Jonathan Glazer passe son film à faire du son une image, une représentation de l'horreur qui ne différence qu'en surface d'une représentation visuelle grouillant de crânes pouilleux, de pyjamas rayés et de vers dans les plaies. Il semble qu'avant lui, Kertesz, pour avoir vécu le camp de l'intérieur, avait compris qu'il n'y a même pas besoin de s'intéresser à la maison du commandant pour qu'existe un hors-champ et qu'on soit frappées de déraison, de pensées insensées. Comment pourrait-on, nous, partir du principe que derrière les murs, il y a l'horreur, nous qui ne pouvons rien imaginer d'assez proche de la réalité, car nous n'avons pas plus que le réalisateur de connaissance de la réalité, comme ce que répond Kertesz, à peine rentré, au badaud dans le bus qui fantasme sa déportation : " Pourquoi mon garçon, s'est il alors écrié, mais je voyais qu'il commençait à perdre patience, dis tu à tout bout de champ naturellement à propos de choses qui ne le sont pas du tout ? Je lui dis : Dans un camp de concentration, c'est naturel ".

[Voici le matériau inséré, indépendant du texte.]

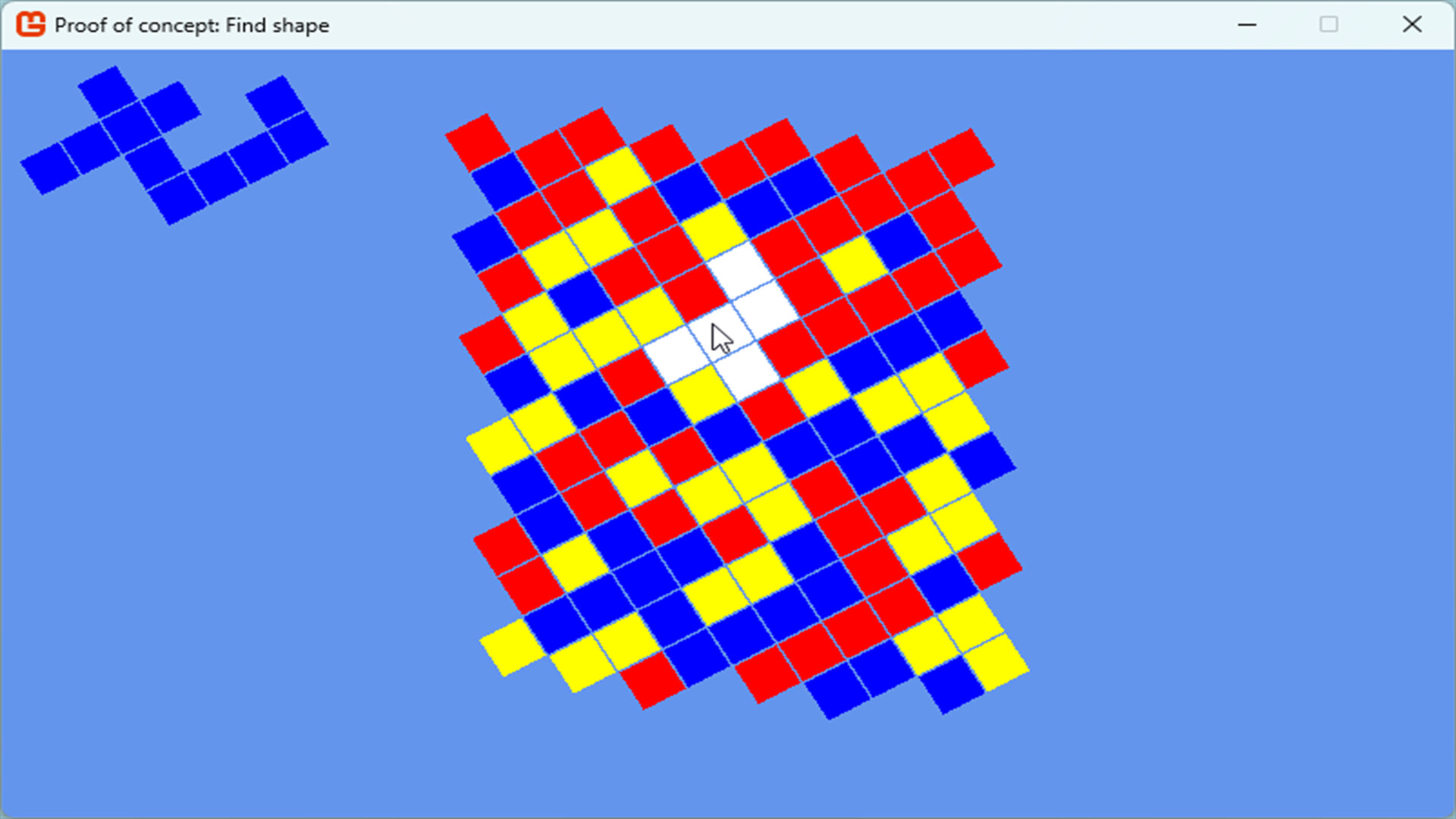 Find Shape screenshot 3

Et en effet, pas d'horreur dans La Zone d'intérêt, pas de mal, pas de torture puisque, trop obsédé à l'idée d'être plus Cannes-friendly que La Liste de Schindler, rien dans le film n'en parle. Pour nous, la vie de la famille Höss est en effet banale, elle correspond à nos attente de banalité occidentale. Mais le film exige que nous partions du principe que derrière les murs, tout est commun, indistinct, que l'horreur est la même pour tous et que chaque victime se mêle des ces cris d'hommes et d'animaux indistincts. L'Auschwitz derrière le mur est une idée d'Auschwitz, un stéréotype de camp de concentration : partout, et nulle part. Il rejoint notre acception commune, et nous faisant nous planquer vite fait bien fait dans la confortable maison que le film nous montre : je vois ce que je vois.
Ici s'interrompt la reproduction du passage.